Les promesses de l’ombre – (USA – 1h40) de David Cronenberg avec Viggo Mortensen, Naomi Watts, Vincent Cassel…
Matrioshka blues
Sans dévoiler une secrète ramification de l’intrigue, ni même dénouer un nœud essentiel du récit, on peut dire que Les promesses de l’ombre se termine exactement comme A History of Violence : le visage ravagé, magnétique et implorant de Viggo Mortensen fait face à l’œil de Cronenberg. Avant lui, le sang a calmement souillé l’objectif. Après lui, sans doute le manège recommencera-t-il, mais au bout du chemin, il ne reste plus que son corps défait. Plan sec et magnifique. Plan symptôme d’une œuvre incroyablement cohérente où la déconstruction tient paradoxalement lieu d’équilibre.

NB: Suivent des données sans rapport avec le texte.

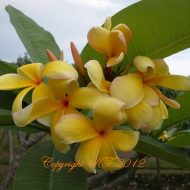 John's Yellow- 5 Seeds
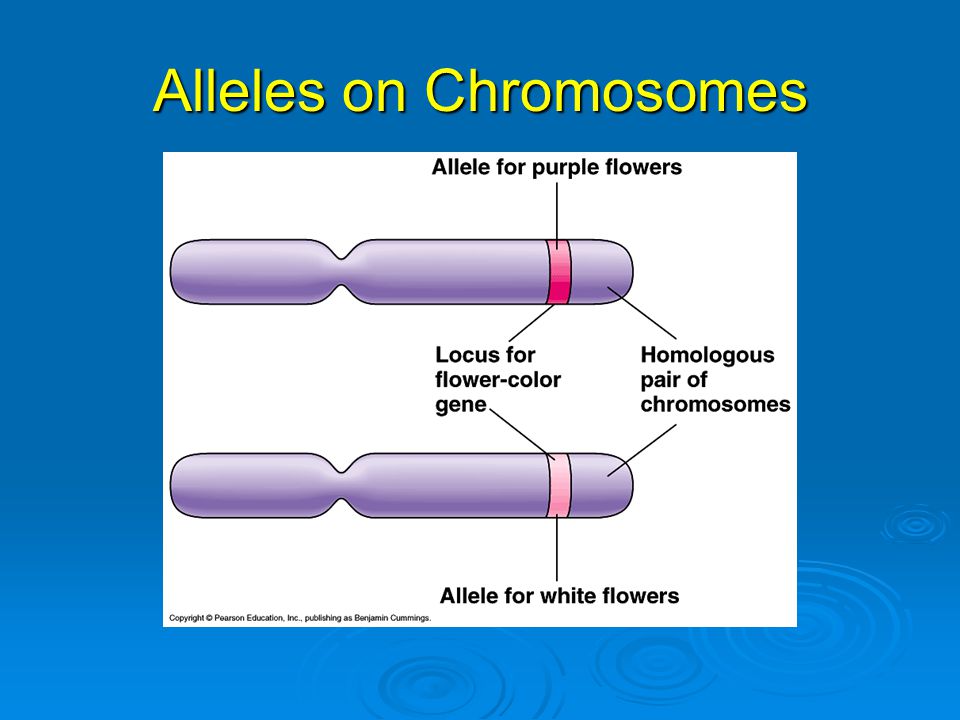 Alleles on Chromosomes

Il y aurait d’ailleurs beaucoup à dire sur David Cronenberg et sur son dernier film : la froide densité avec laquelle il écaille le vernis du thriller, son goût assumé pour le Grand Guignol, la distanciation méthodique et précise de chaque cadre, ou bien sa superbe gestion de l’acting (Viggo Mortensen impressionnant, Naomi Watts à nouveau lynchienne). Mais tout cela n’est rien en comparaison de la puissance hallucinante de l’écriture cinématographique du Canadien. Les Promesses de l’ombre, tout comme A History of Violence ou eXistenZ en son temps, aurait pu n’être qu’une réflexion plus ou moins maniériste sur le genre, ses origines et sa chute. Or, Cronenberg a un sens aigu de ce qui fait politique au cinéma. Doucement, insidieusement il élabore une histoire de l’humanité à la fois minée par sa peur panique de l’effraction (corporelle, structurelle, sociétale) et irrésistiblement portée par son désir de conquête (territoriale, familiale). Une esthétique du repli, en somme, aussi morbide que magistrale.